A veces me doy cuenta de que he perdido el aliento, de que no estoy respirando. Aún así no soy consciente de que me estoy ahogando… qué raro no? No, no es raro, porque en ocasiones nos ahogamos poquito a poco, lentamente, de forma que hasta puede parecer algo dulce.
Pero, me falta algo, y esta carencia impide que el oxígeno pase de mi nariz hasta mis pulmones. No sé qué es! O quizá no quiero saberlo, porque aunque me cueste respirar, tampoco lo estoy pasando tan mal. Puedo aguantar así más tiempo. Creo.
Me está dejando débil y confusa. Tengo tantas cosas que hacer que no hay tiempo para quitarme esto del cuello.
Uff… pesa, molesta, me enfado, lo pago con él por estar cerca y le echo la culpa de todo. Caigo y no me puedo levantar. Hago mi vida desde ahí, el suelo, aunque nadie puede ver lo mal que estoy porque siempre llevo mi disfraz. Salgo de casa como si todo fuera y estuviera perfecto.
Ya no puedo levantarme. El oxígeno no llega a la sangre, la sangre no llega al corazón. Sigo caminando, cocinando, estudiando, riendo, limpiando, quedando; pero esa no soy yo! Es mi disfraz.
Ahora no puedo ver, ni tampoco oír. Esto que tengo en el cuello no me deja respirar. No sé qué esta pasando ahí fuera. No tengo fuerzas para ponerme el disfraz. No puedo moverme. Me he quedado sin aire.
De repente, alguien me quitó eso que me mataba (pude ver que aquéllo era una gruesa cadena de hierro, lo que me resultó extraño, ya que cuando me la regalaron era una gargantilla de oro blanco). De un golpe, recobré el aliento, como si un huracán de aire hubiera en mi interior.
Con la visión todavía oscura, mis oídos escuchaban una melodía. Parecía una canción de amor, como la que una madre cantaría a un hijo recién nacido. Entonces sentí en mis brazos, manos, cabeza, piernas y todo mi cuerpo… amor. Me había dado cuenta de que la canción era para mí!
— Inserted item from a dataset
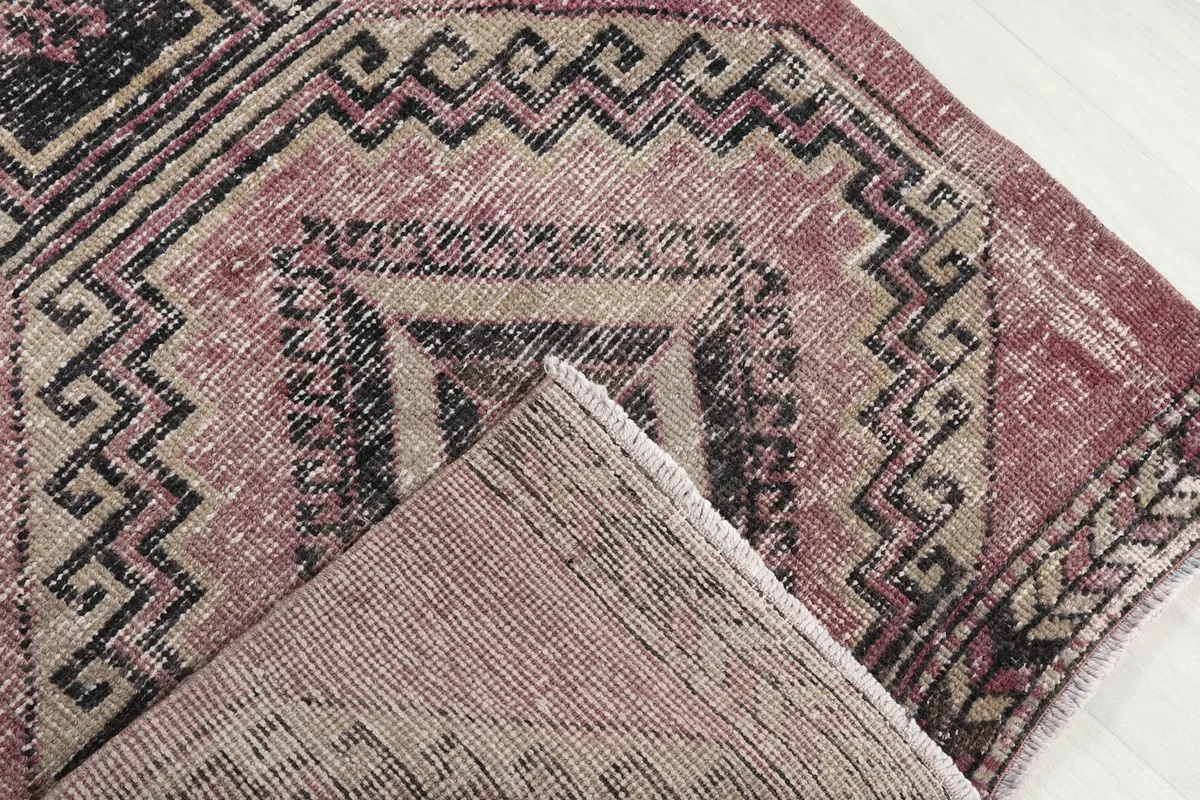 Folded corner of the rug, revealing the wool pile on cotton foundation and the reverse side of the pattern.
No entendía la letra, ni podía distinguir el sonido de ningún instrumento. Sólo sabía que era para mí, pero no entendía por qué.
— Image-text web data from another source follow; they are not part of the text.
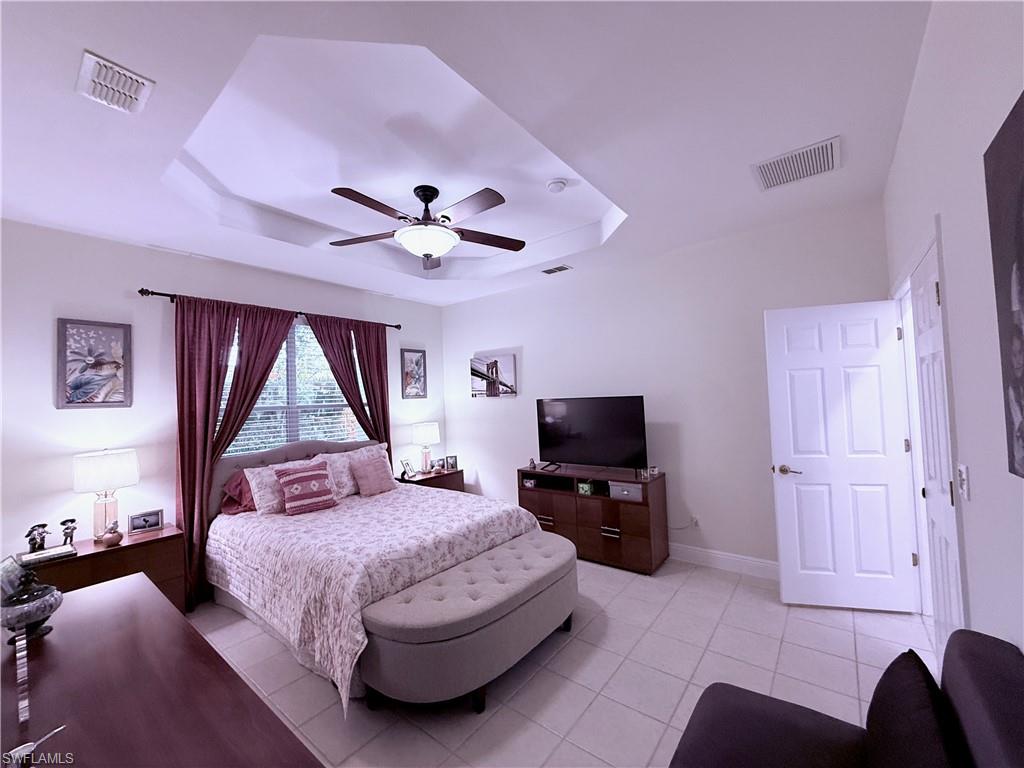 Tray ceiling with a ceiling fan, tiled flooring, window with blinds, and white paneled doors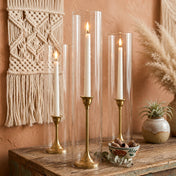 Lit white taper candles in gold holders with a chimney glass candle shade on a rustic wood table - thumbnail number 8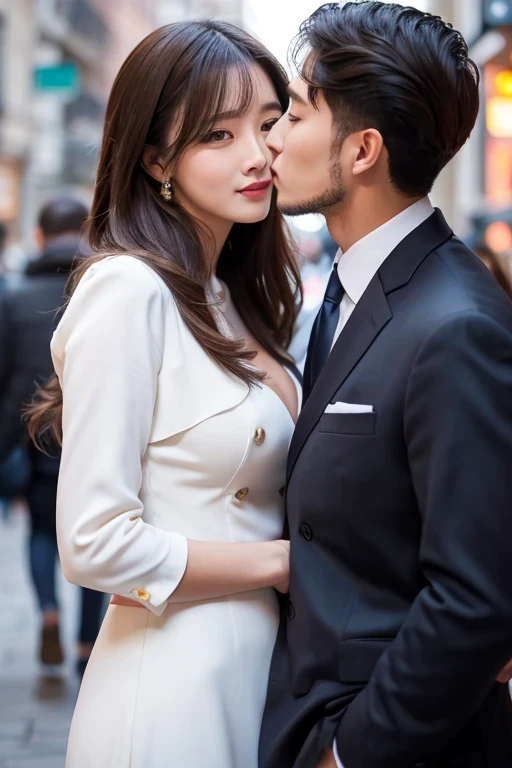 예쁜 여자친구의 얼굴에 입을 맞추는 잘생기고 키가 큰 남자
Quise abrir los ojos, para ver quién era. Al principio sólo veía claridad, hasta que me incorporé y… lo vi. Débil por el poder de su presencia, entendí todo. Yo sola me puse aquélla cadena, y con ayuda del mundo, de vez en cuando me la apretaba. Fui llorando a rastras hasta sus pies y se los besaba. No podía parar de llorar hasta que se agachó, levantó mi rostro de sus pies y me ayudó a incorporarme. Volvió a sonar la melodía. Ahora si la entendía! Decía:
‘Mi preciosa hija,
te amo.
Hija mía
ahora eres limpia,
ámame.’
Mientras me cantaba, quedé paralizada en sus ojos. Su mirada fija en mí, me hacía sentirme felizmente desnuda. No había secretos para él. Yo también podía ver sus sentimientos: deseaba que me quedara con él y que le amara tanto como él me estaba amando.
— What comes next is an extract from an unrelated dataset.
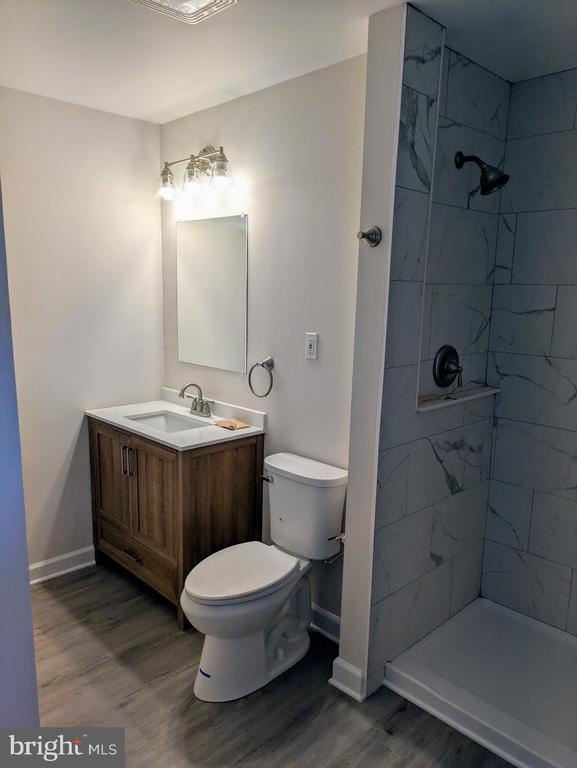 bathroom featuring vanity, toilet, wood finished floors, and a tile shower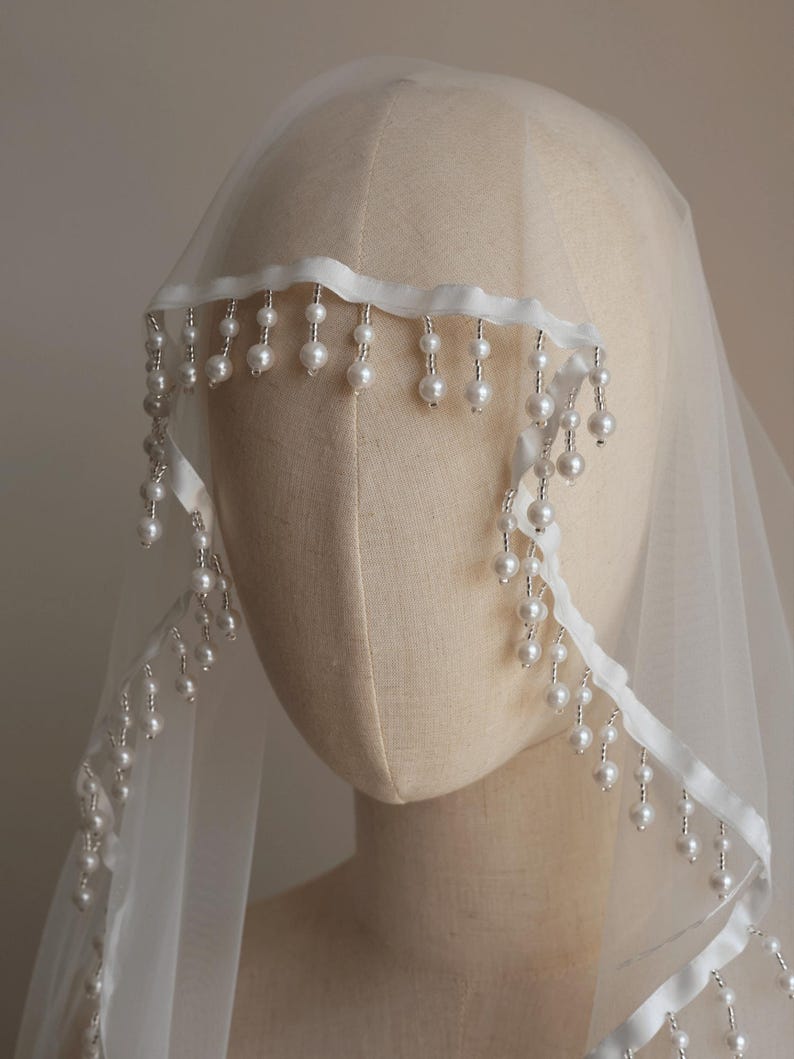 Op de afbeelding: Een doorschijnende witte bruidssluier met een delicate parelrand. De sluier is over een mannequinhoofd gedrapeerd en toont de zachte stof en de elegante pareldetails. De parels zijn langs de rand geregen, wat een vleugje verfijning toevoegt.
En un instante, salí de su mirada y ví que estaba brillando. El brillo no era como el de una piedra preciosa, si no como el de una estrella. Sí, brillaba tanto como el sol. Y sentí el calor que desprendía, era diferente del que yo hasta entonces conocía. Abrasaba mi piel, pero no me dolía. Me hacía sentir bien. Sin pensar nada más, me lancé a sus brazos.
Abrí los ojos. Respiré hondo. Me levanté de la cama, y adoré a mi rescatador: Jesús.